Spinal problems occur primarily between vertebrae, where they are packed with a cushioning material called intervertebral disc. Over the years, the discs undergo wear and tear, allowing the vertebrae to painfully rub against each other when we move, and they degenerate.

Fusing of degenerated vertebrae maintains the optimal disc space between them, aligns and stabilizes the spine, and protects the spinal cord and nerves from further damage. 


XLIF is considered when the patient does not respond well to pain killers, physical therapy and steroid injections.

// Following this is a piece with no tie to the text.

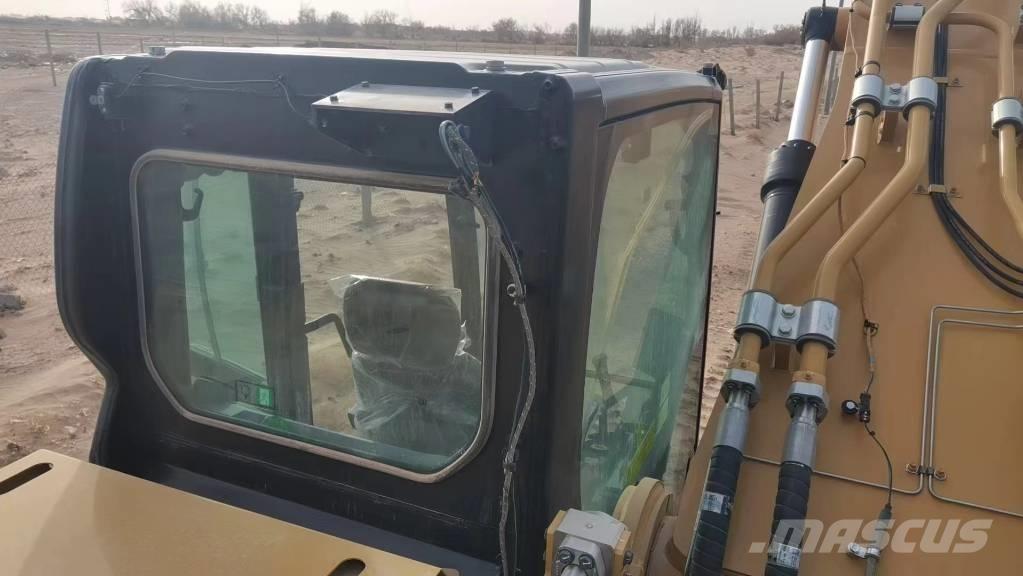 CAT 2022 CAT 350 Bagri na kolesih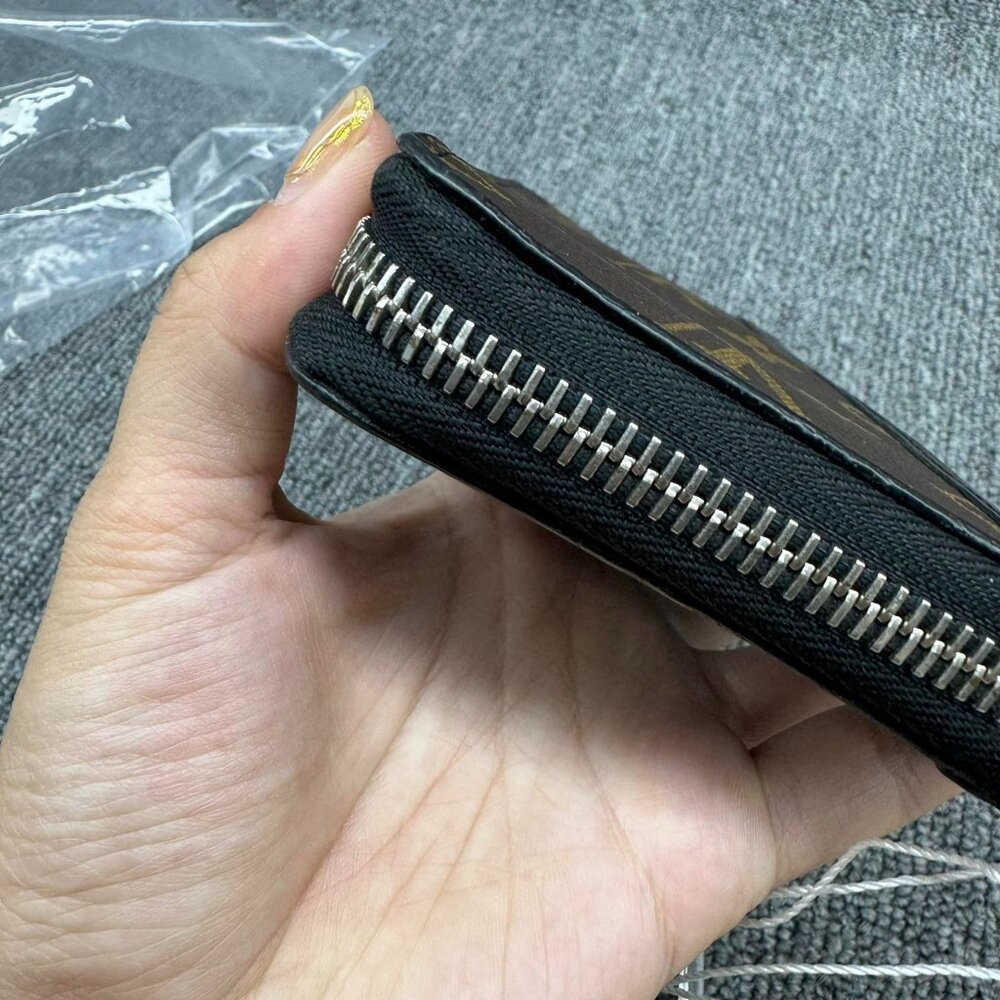 100% Authentic Louis Vuitton Vertical Zippy Wallet - Picture 8 of 11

It is indicated for leg and back pain that are caused by any of the lumbar or lower spine disorders listed below.

  • Degenerative disc disease (damaged discs between two vertebrae)
  • Degenerative scoliosis (sideways curve of spine)
  • Degenerative spondylolisthesis (one vertebra moves away from the normal spine alignment)
  • Recurring disc herniation (ruptured disc)
  • Posterior pseudoarthrosis (previous failed fusion surgery)
  • Post-laminectomy syndrome (spinal instability following non-fusion surgery)
  • Adjacent level syndrome (condition that occurs next to previous fusion surgery)


XLIF may not be an option for the following conditions:

  • Degenerative spondylolisthesis of greater than grade 2
  • Presence of scarring behind the abdominal cavity, on either side of the spine as a result of previous surgery or abscess


XLIF adopts a lateral approach when compared to traditional methods of spinal fusion techniques, and in doing so, spares the disruption of major back muscles, ligaments and bones. Since the procedure is done in close proximity with several important nerves in the spinal column, your surgeon will continuously monitor them with electromyography (EMG) to avoid any damage to the nerves. 

The surgery takes about one hour and is performed under general anesthesia. You will be positioned onto one side. Using X-ray, your surgeon will locate and mark off the affected region. Through a small incision made in your back, your surgeon will hold back the peritoneum (outer covering of abdominal organs) and will make a second incision on your side for instruments called tubular dilators to pass through. The affected disc is then removed, and replaced with an implant filled with bone graft, which will aid in the fusion of the adjacent vertebrae. The instruments are removed and incision stitched and bandaged. Additional support with the help of plates, rods or screws may be inserted.


XLIF ensures a quick recovery and lets you return to normal activities. As this approach does not damage muscles, ideally you will be able to walk the evening of the surgery and will be discharged the next day. Following your discharge, you will be prescribed medication for pain.

Risks and Complications

The surgery may be associated with infection, damage to nerves, spinal cord or blood vessels, muscle weakness and enduring pain at the site of bone graft. There are chances of the implant failing to fuse the vertebrae and a progression in the existing disease. Other conditions such as deep vein thrombosis or clotting, urinary tract infection, stroke and pneumonia may develop following the procedure.